• **Task description**
Each line from the one holding "Pothys Black floral" to the last line below must be written out exactly, with no other output.

Segment Start: Source data

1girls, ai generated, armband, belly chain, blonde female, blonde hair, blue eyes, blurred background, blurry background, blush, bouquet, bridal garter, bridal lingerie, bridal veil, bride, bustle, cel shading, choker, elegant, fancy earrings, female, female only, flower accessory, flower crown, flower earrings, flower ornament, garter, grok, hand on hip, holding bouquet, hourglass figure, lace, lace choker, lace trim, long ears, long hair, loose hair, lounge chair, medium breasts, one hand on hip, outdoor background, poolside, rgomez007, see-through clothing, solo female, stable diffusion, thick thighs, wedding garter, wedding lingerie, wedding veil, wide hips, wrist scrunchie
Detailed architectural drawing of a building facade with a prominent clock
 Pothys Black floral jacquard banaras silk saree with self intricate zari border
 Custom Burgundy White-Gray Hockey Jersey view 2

Segment End: Source data

• **Solution for this exercise**
 Pothys Black floral jacquard banaras silk saree with self intricate zari border
 Custom Burgundy White-Gray Hockey Jersey view 2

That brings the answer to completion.